Если мы хотя бы на краткий миг попытаемся взглянуть на это удаленное от нас общество с точки зрения глубинной психологии и понятия об индивидуации, то мы ощутим, что выросшие в такой культуре люди не так уж сильно отличаются от нас и что, возможно, они могли бы разделять нашу концепцию индивидуации в значительно большей степени, чем более рациональные люди позднейших культур.
Сегодня мы убеждены в том, что люди Древней Греции обладали крайне малой свободой действия; мы видим, что они жили во власти суеверий, охваченные страхом перед колдовством, с верой в неодолимую судьбу. Этот фатализм мы обнаруживаем у Гомера, в трагедиях и даже у Геродота, которого мы, тем не менее, воспринимаем как родоначальника исторической концепции. Мы придерживаемся мнения, которое странным образом не учитывает возможности того, что отсутствие четких абстрактных правил для идентификации хороших, позитивных действий, а также институтов, уполномоченных пропагандировать такие правила (в особенности, в религиозном направлении), вынуждало древних греков жить в ужасающем состоянии тотальной свободы, теоретически значительно превосходившем в этом смысле наше собственное. Их установка на гордое одиночество и трагическое смирение означала в таком случае точку, в которой они искали пристанище от такой сокрушающей свободы. Нас не должно вводить в заблуждение существование таких религиозных институтов, как авторитетный и общепризнанный Дельфийский оракул.

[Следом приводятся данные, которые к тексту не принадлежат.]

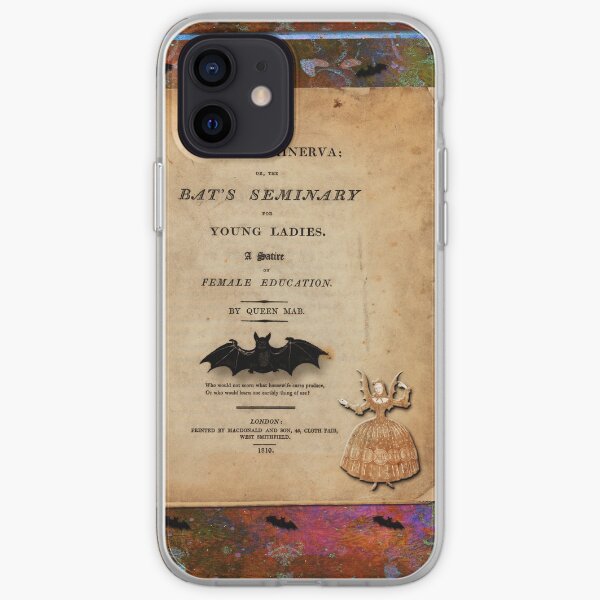 Modern Minerva Flying Bats Antique Color Art iPhone Soft Case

Оракул в Дельфах давал конкретные ответы – в зашифрованной форме – на отдельные вопросы, но не излагал установочные принципы или общие правила поведения (не считая известных высказываний, например, «Познай себя» или «Хорошего понемногу», которые, возможно, отвечали потребностям небольшого числа людей, склонных к интроспекции и самодисциплине, но, несомненно, эти высказывания были слишком абстрактными для широкого круга населения).
Чувство отчаянного одиночества, которое испытывали греки в связи с проблемами морали, приводило к дальнейшему укреплению суеверий и усиливало убежденность в том, что боги не заслуживают доверия, злобны и завистливы. Но этот этический пробел, а также страхи и случайности, свойственные такому состоянию обострившейся свободы, смогли привести к появлению «пайдейи».